Anemia induces retinal hypoxia, resulting in vascular dilatation, increased transmural pressure due to hypoproteinemia, and microtrauma to the vessel wall, leading to retinal edema and hemorrhages6,7,22. In many clinical situations, leukemic infiltration in the retina can cause retinal hemorrhages, infiltrates, and optic nerve involvement, affecting visual acuity23,24. Additionally, thrombocytopenia, often associated with anemia, leads to impairment of coagulation and bleeding25,26. These hematological disorders underscore the importance of regular ophthalmic monitoring for the timely detection and management of ocular complications to preserve visual health.

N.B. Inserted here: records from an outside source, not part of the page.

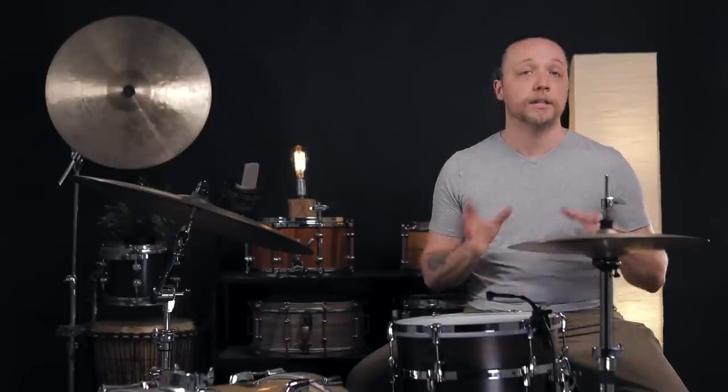The first thing we want to do here is demonstrate what happens when we use identical tuning with 6 lugs versus 10 lugs in the low register.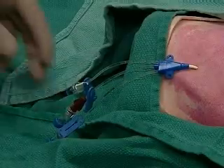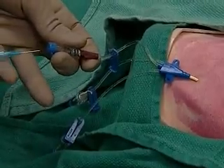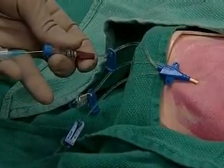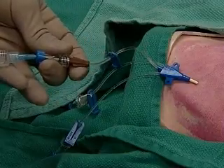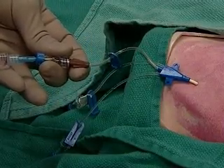Now an important check. Put a syringe containing saline in the hub, and make sure you can both withdraw and infuse fluids. You'll check all hubs in this way before suturing and applying a sterile dressing.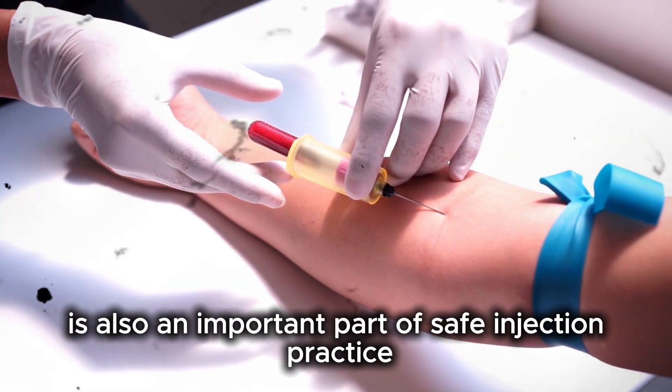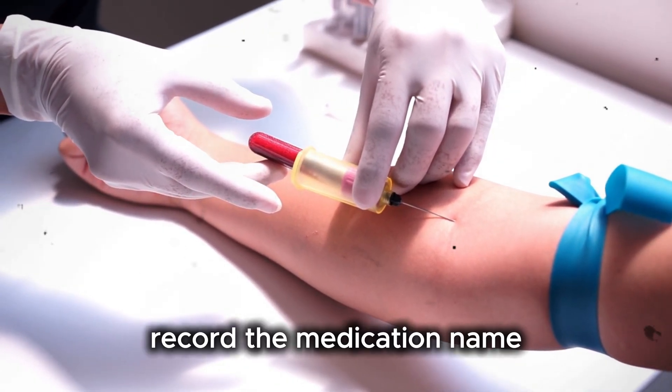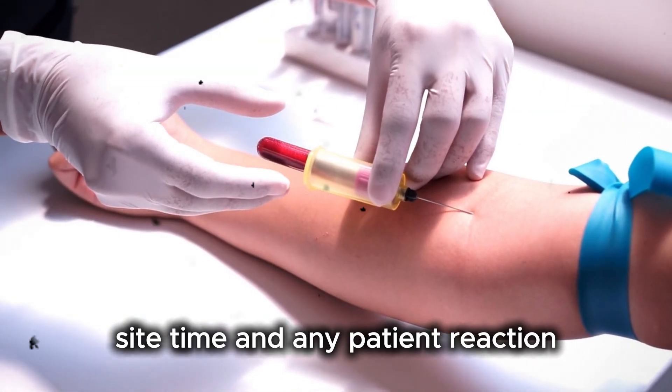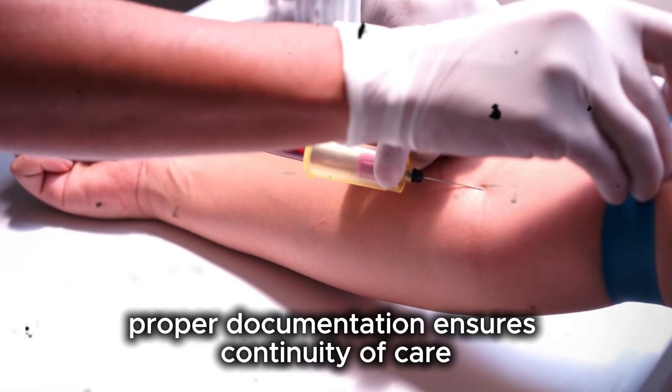Documentation is also an important part of safe injection practice. Record the medication name, dose, route, site, time, and any patient reaction. Proper documentation ensures continuity of care.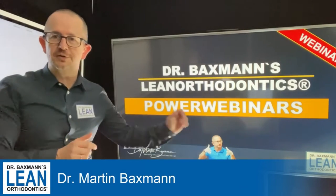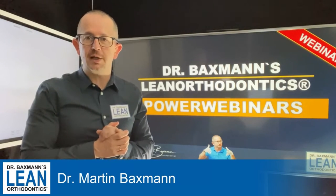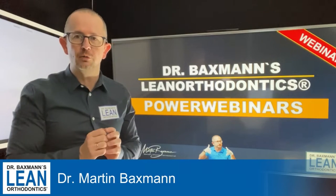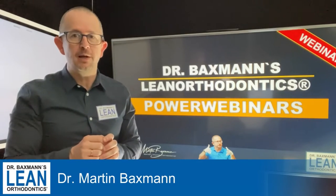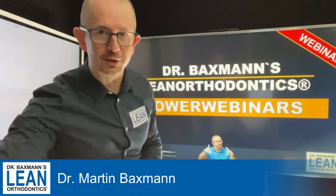Welcome to my Power Webinar Series in Lean Orthodontics. My name is Dr. Martin Baxman and today it's all about Lingual Orthodontics — how to fit a wire in Lingual Orthodontics. It's a bit fiddly, but if I can do it, you can do it too. And now let's get down to action.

Given the close relationship between retinal tissues and the circulatory system, even minor blood components or vascular integrity disruptions can significantly impact retinal health and visual acuity. Both retinal and choroidal tissues require oxygen and nutrients to maintain normal visual processing19,21,27. Patients with blood diseases experience reduced oxygen delivery to the retinal and choroidal tissues, resulting in retinal and choroidal hypoxia and impairing the oxygen metabolism of the inner and outer retinal layers, consequently causing visual impairment21. For example, retinal hypoxia can induce structural and vascular changes, such as retinal thinning and decreased capillary plexus density, which can be visualized through optical coherence tomography (OCT) and optical coherence tomography angiography (OCTA)28,29. Studies have revealed reduced choroidal and retinal thickness in patients with anemia29 and macular involvement in sickle cell disease can also be detected through (OCT)29,30,31. Nevertheless, these studies have primarily focused on assessing the ocular effects of individual hematological disorders. To the best of our knowledge, no studies have sought to comprehensively explore and compare the impact on the retinal structure in different types of blood diseases.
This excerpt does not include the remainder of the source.